To enable these features, we created a temporary communication link between Safari browsers and Google’s servers, so that we could ascertain whether Safari users were also signed into Google, and had opted for this type of personalization. But we designed this so that the information passing between the user’s Safari browser and Google’s servers was anonymous— effectively creating a barrier between their personal information and the web content they browse.

However, the Safari browser contained functionality that then enabled other Google advertising cookies to be set on the browser. We didn’t anticipate that this would happen, and we have now started removing these advertising cookies from Safari browsers. It’s important to stress that, just as on other browsers, these advertising cookies do not collect personal information.

Google floats above the law, pays millions only when caught

Google's FTC fine pales in comparison to the $500 million forfeiture settlement it paid the US government after allowing a Canadian pharmacy to illegally advertise drugs in the United States, supporting the illegal import of prescription drugs and controlled substances into the country.

That forfeiture, to avoid further litigation with the government, was also described as the largest ever of its kind. Google's criminal activity was only discovered after David Whitaker, the target of a multimillion dollar financial fraud scheme, was apprehended and confessed to federal investigators that he had been advertising illegal drugs using Google's AdWords program.

Whitaker demonstrated to investigators how he had set up a number of websites using Google's AdWords to advertise illegal drugs. Further investigation revealed that Google knew about the fraudulent advertising as early as 2003, but failed to stop the online pharmacies because it was making money on them.

The Canadian pharmacies Google assisted were not just skirting inconvenient laws to provide Americans with cheaper drugs. Instead, investigators noted that "Google was also on notice that many pharmacies accepting an online consultation rather than a prescription charged a premium for doing so because individuals seeking to obtain prescription drugs without a valid prescription were willing to pay higher prices for the drugs."

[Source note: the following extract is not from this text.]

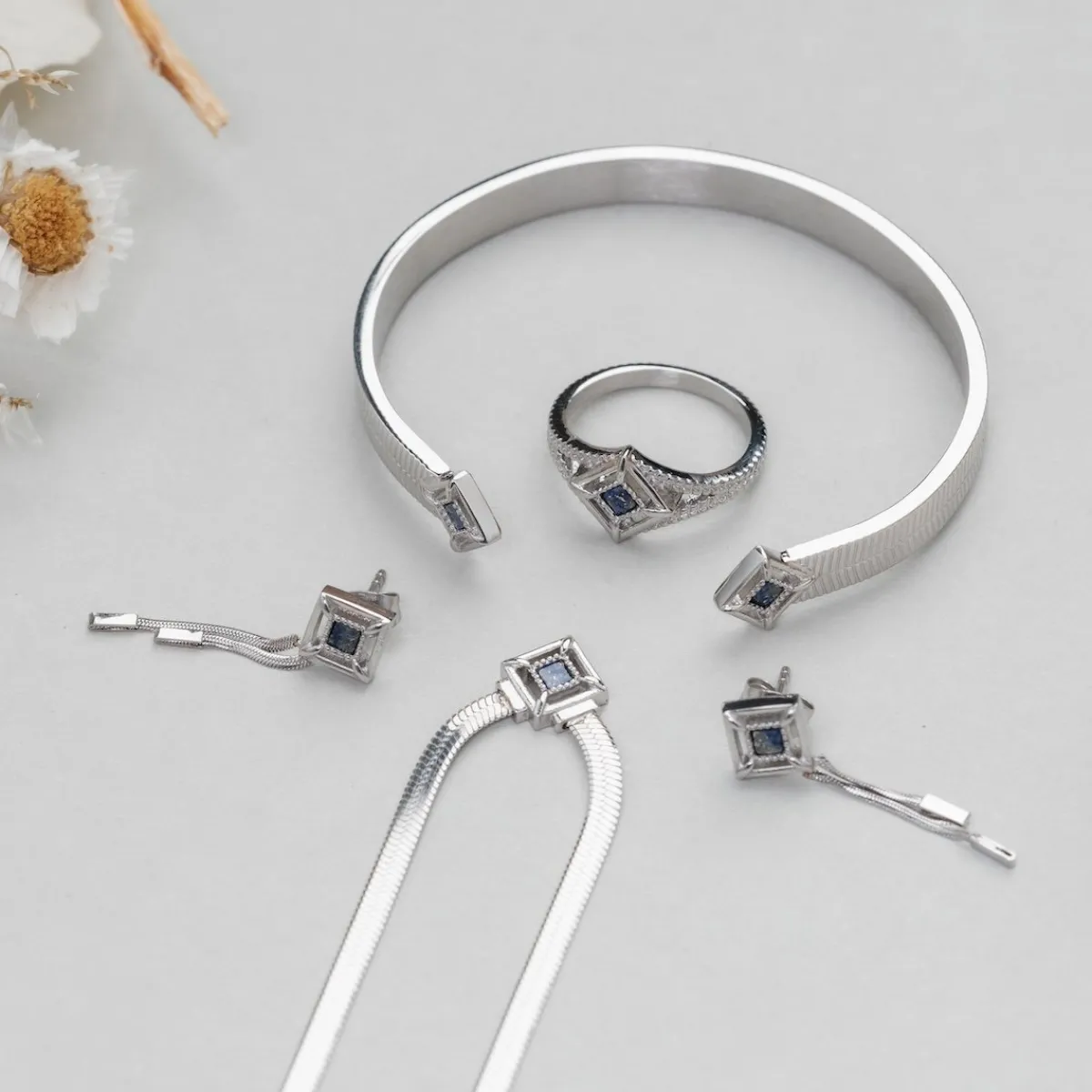 Holzkern Halsketten|Schmuck^Awakening Halskette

Government investigators specifically noted that Google had acknowledged “that it improperly assisted Canadian online pharmacy advertisers," not only allowing them to place illegal AdWords advertisements, but that also "from 2003 through 2009, Google provided customer support to some of these Canadian online pharmacy advertisers to assist them in placing and optimizing their AdWords advertisements and in improving the effectiveness of their websites."